Ledakan dahsyat di tata surya jadi ancaman besar untuk Bumi, namun bencana itu mungkin telah mengirimkan air dan membuat planet yang dihuni manusia ini memiliki daya dukung bagi kehidupan.
Untungnya, proses tumbukan yang terjadi di masa 'remaja' Bumi tak berakhir seperti dampak yang dialami Bulan.
Cerita soal 'kelinci Bulan' atau 'nenek Bulan' sudah familiar bagi kita sejak masa kanak-kanak. Mitos itu tetap terpelihara, meski kita tahu, penampakan menyerupai kelinci atau manusia tak lain adalah kawah Bulan.
Ketika manusia mulai menjelajah Bulan, misteri satelit Bumi ini berangsur terkuak. Sampel batuan Bulan yang dibawa pulang astronot Apollo menguak fakta aneh -- bahwa seperti halnya Bumi, Bulan dibombardir asteroid dalam waktu yang sama, sekitar 3,9 miliar tahun lalu.

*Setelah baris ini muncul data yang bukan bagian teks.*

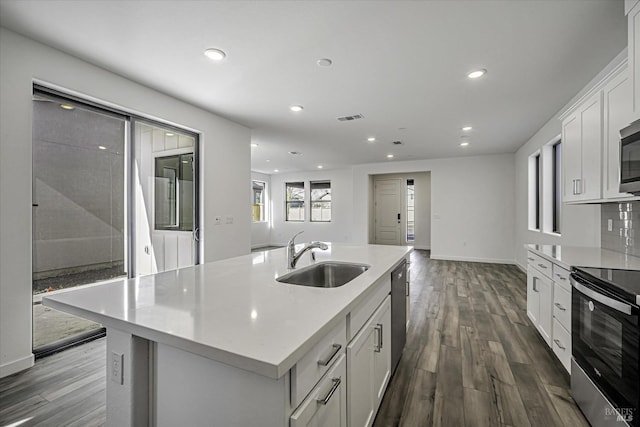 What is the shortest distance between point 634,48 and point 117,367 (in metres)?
3.25

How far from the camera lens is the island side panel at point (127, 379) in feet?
3.29

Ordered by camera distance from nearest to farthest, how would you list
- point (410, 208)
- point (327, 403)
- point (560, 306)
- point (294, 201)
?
point (327, 403), point (560, 306), point (410, 208), point (294, 201)

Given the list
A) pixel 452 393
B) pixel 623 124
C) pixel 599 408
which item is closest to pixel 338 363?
pixel 452 393

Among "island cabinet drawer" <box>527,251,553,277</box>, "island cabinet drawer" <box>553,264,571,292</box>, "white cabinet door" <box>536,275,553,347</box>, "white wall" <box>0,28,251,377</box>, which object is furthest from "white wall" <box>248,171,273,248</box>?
"island cabinet drawer" <box>553,264,571,292</box>

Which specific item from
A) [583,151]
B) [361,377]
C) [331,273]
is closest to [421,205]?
[583,151]

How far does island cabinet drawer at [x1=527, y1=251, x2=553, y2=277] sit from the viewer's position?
240 centimetres

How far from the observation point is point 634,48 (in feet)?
5.86

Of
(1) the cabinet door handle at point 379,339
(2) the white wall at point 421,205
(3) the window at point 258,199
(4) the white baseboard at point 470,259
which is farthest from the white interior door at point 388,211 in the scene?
(1) the cabinet door handle at point 379,339

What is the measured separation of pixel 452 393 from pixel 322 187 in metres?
8.30

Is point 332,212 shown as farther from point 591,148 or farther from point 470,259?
point 591,148

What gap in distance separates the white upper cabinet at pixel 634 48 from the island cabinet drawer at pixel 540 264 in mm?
1223

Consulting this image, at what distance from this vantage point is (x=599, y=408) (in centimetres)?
154

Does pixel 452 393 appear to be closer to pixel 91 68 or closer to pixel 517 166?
pixel 91 68

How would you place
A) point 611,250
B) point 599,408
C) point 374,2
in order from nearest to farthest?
point 599,408
point 374,2
point 611,250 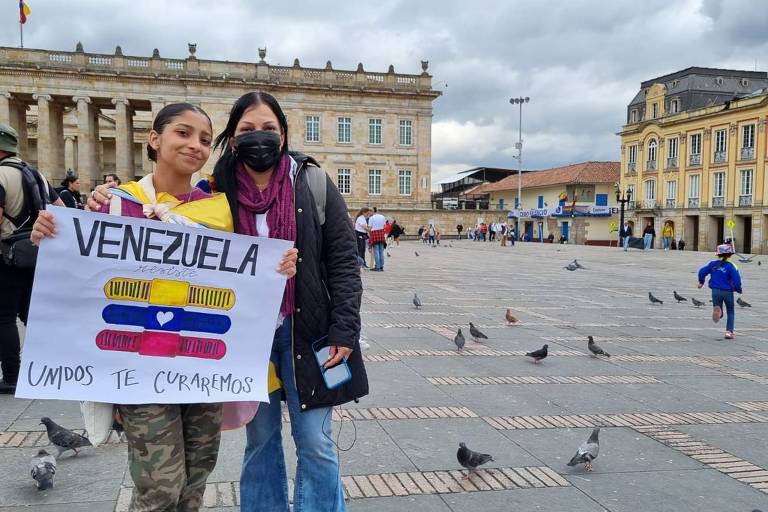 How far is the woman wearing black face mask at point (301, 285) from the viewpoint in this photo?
2650 millimetres

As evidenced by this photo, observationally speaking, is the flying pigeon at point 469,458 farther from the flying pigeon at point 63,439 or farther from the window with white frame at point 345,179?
the window with white frame at point 345,179

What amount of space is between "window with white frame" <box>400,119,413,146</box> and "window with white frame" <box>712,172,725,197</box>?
86.3ft

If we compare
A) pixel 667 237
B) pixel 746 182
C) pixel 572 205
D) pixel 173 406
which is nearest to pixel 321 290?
pixel 173 406

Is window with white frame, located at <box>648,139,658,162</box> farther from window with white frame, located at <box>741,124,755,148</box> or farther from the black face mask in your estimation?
the black face mask

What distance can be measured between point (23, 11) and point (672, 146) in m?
54.6

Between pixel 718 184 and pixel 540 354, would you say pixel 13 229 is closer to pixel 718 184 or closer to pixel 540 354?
pixel 540 354

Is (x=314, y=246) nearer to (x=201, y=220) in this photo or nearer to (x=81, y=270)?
(x=201, y=220)

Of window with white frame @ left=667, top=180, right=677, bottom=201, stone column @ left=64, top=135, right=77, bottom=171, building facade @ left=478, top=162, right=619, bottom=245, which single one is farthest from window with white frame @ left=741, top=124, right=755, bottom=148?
stone column @ left=64, top=135, right=77, bottom=171

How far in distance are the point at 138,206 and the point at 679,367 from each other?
6846 millimetres

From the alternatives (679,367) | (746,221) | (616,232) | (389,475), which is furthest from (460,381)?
(616,232)

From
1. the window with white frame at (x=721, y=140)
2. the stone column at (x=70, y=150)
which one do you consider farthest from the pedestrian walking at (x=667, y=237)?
the stone column at (x=70, y=150)

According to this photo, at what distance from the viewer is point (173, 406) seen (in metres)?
2.41

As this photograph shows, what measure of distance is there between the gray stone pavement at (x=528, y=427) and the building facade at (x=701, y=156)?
41.1 meters

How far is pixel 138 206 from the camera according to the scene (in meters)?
2.53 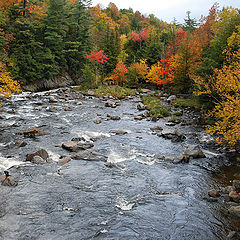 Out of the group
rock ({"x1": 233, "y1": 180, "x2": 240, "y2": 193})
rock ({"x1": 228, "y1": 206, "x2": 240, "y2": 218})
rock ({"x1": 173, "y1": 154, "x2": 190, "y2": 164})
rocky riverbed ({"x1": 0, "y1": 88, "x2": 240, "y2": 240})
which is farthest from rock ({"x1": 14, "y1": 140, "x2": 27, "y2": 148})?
rock ({"x1": 233, "y1": 180, "x2": 240, "y2": 193})

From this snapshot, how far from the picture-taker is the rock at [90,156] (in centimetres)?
999

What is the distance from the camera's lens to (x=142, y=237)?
17.7 feet

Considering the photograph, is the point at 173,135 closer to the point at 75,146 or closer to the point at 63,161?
the point at 75,146

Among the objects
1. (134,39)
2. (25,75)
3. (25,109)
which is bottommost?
(25,109)

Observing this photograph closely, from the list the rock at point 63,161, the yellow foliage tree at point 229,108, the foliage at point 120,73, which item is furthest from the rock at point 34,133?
the foliage at point 120,73

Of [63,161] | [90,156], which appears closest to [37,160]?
[63,161]

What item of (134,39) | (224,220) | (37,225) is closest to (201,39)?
(134,39)

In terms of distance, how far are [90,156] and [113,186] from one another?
2883mm

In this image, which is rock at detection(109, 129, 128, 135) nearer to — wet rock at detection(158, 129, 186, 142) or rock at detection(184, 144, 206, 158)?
wet rock at detection(158, 129, 186, 142)

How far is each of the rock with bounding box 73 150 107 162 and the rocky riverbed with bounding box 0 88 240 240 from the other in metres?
0.05

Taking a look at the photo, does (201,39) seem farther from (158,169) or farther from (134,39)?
(158,169)

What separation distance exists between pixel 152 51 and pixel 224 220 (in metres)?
45.1

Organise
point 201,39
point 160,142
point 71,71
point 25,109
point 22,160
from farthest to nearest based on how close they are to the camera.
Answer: point 71,71 → point 201,39 → point 25,109 → point 160,142 → point 22,160

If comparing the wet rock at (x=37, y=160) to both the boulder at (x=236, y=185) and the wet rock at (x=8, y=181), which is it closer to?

Ini adalah bukti nyata dari suatu periode keras dalam sejarah tata surya yang dikenal sebagai 'pemboman dahsyat'.
Bulan terbukti bukan satu-satunya target. Bahkan, Bumi dilempari 'bom' secara lebih intensif -- meski proses geologi aktif menghapus kebanyakan bukti-bukti tumbukan.
Penyebab pasti dari peristiwa ini belum diketahui. Pada 2005, muncul dugaan bahwa itu diakibatkan pergumulan empat planet raksasa -- Yupiter, Saturnus, Uranus, dan Neptunus.
Sedikit penyimpangan orbit Saturnus dan Yupiter menyebabkan periode orbit Saturnus menjadi persis dua kali lipat dari Jupiter. "Resonansi" gravitasi terguncang oleh orbit dari keempat planet raksasa tersebut. Proses ini menembakkan komet dan asteroid terdekat menuju tata surya bagian dalam.
Namun kita beruntung. Maksudnya? Seperti diketahui, Bumi adalah planet ketiga terdekat dengan Matahari -- setelah Merkurius dan Venus.
Kondisi ini terlalu panas bagi terbentuknya air. Sementara, komet dan asteroid yang letaknya lebih jauh mengandung es yang melimpah. Tampaknya masuk akal -- anggapan air pertama Bumi dikirimkan melalui proses bombardir komet dan asteroid.
Pemboman dahsyat terakhir diperkirakan memiliki dampak lebih langsung bagi asal-usul kehidupan di Bumi. Inilah yang menciptakan fitur keras di permukaan Bumi.
"Bayangkan kolam batuan yang mencair di permukaan Bumi seukuran Afrika," kata Stephen Mojzsis, ahli geologi dari University of Colorado, seperti dimuat Newscientist, 30 September 2010.
Tapi ketika itu mendingin, kawah itu akan menjadi situs ideal untuk memulai kehidupan -- kata Charles Cockell dari Open University di Milton Keynes, Inggris.
Sementara, sisa-sisa panas menggerakkan reaksi kimia dalam air hangat yang beredar melalui bebatuan.
Bagaimana jika saat itu sudah ada kehidupan? Menurut Mojzsis, peristiwa ini mengubah jalannya evolusi. Tak ada mahluk Bumi yang tersisa, kecuali mikroba yang paling toleran dengan panas.
"Ini adalah kisah kehidupan - kepunahan masal adalah permulaan bagi kehidupan yang baru," kata dia.